Enter your search

What we learned from all of Grammarly’s marketing emails

By
Check out our email marketing crush, Grammarly, everyone’s favorite grammar checker and writing improvement tool. Read this detailed email teardown.

A marketing crush. Do you have one?

We have several, and Grammarly, everyone’s favourite grammar checker and writing improvement tool, is definitely one of them.

We’ve been lurking on Grammarly’s emails for a few months now, and finally, we thought why not share this obsession?

The tool has over 20 million users, so we can’t be the only ones to have noticed their excellent usage of product analytics and gamification in their emails. As one of the many successful uses of AI, it’s no surprise that their marketing emails feel super high tech and elevated compared to just about any other brand.

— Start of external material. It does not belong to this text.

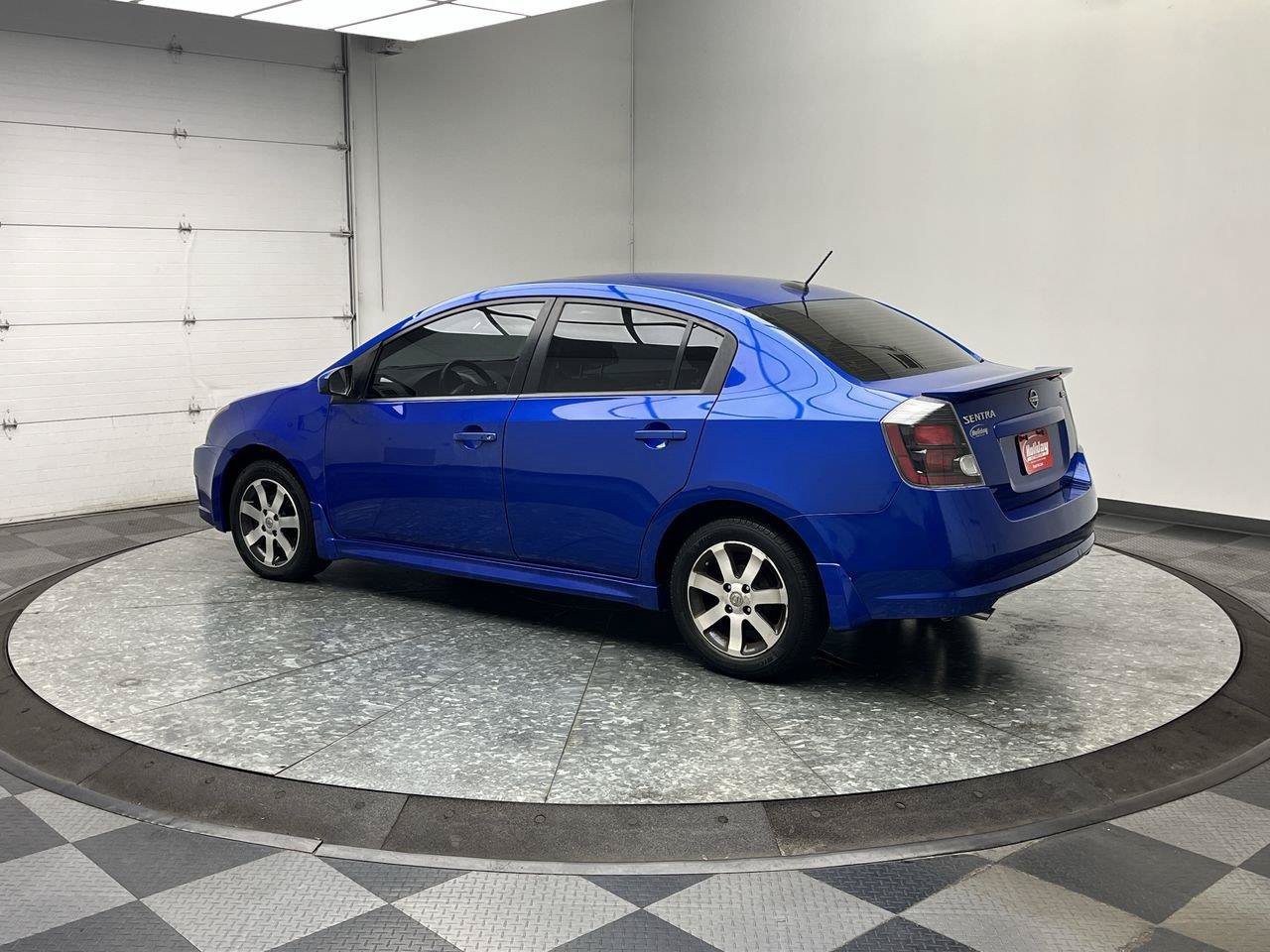 Used 2012 Nissan Sentra 2.0 SR w/ Special Edition Pkg FWD video 2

Before we dive in, if you’re new to automating emails, you might like to check out our beginner’s guide to email automation — guiding you through the basics.

What we’re spying on in this teardown:

  • Grammarly’s overall email marketing strategy
  • Welcome & upgrade email sequence
  • Insights emails
  • Churn-reducing email
  • Continued Premium upgrade offers
  • Email timing
what Grammarly does really well

We’re about to show a lot of emails (really long HTML emails by the way), and you might be wondering if you should stay put and check them all out.

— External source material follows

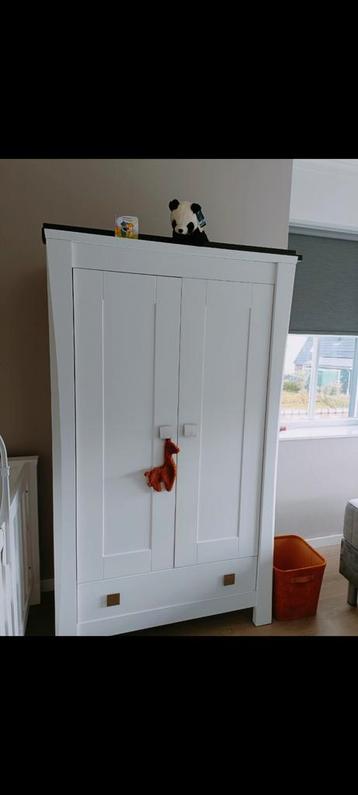 Kast en commode van dezelfde serie beschikbaar voor biedingen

We believe there’s plenty of things to learn from Grammarly. These are a few of things that Grammarly is doing exceptionally well:

  • Consistent follow up for their Premium upgrade
  • Continued onboarding and stickiness improvements
  • Using product stats in emails
  • Building a consistent, enjoyable brand
  • Adding value with content for writing lovers
  • Takes new users through a well-timed customer journey

We’ll be covering these lessons throughout our exploration of their email automations below, so stay tuned to see what these things look like in the wild.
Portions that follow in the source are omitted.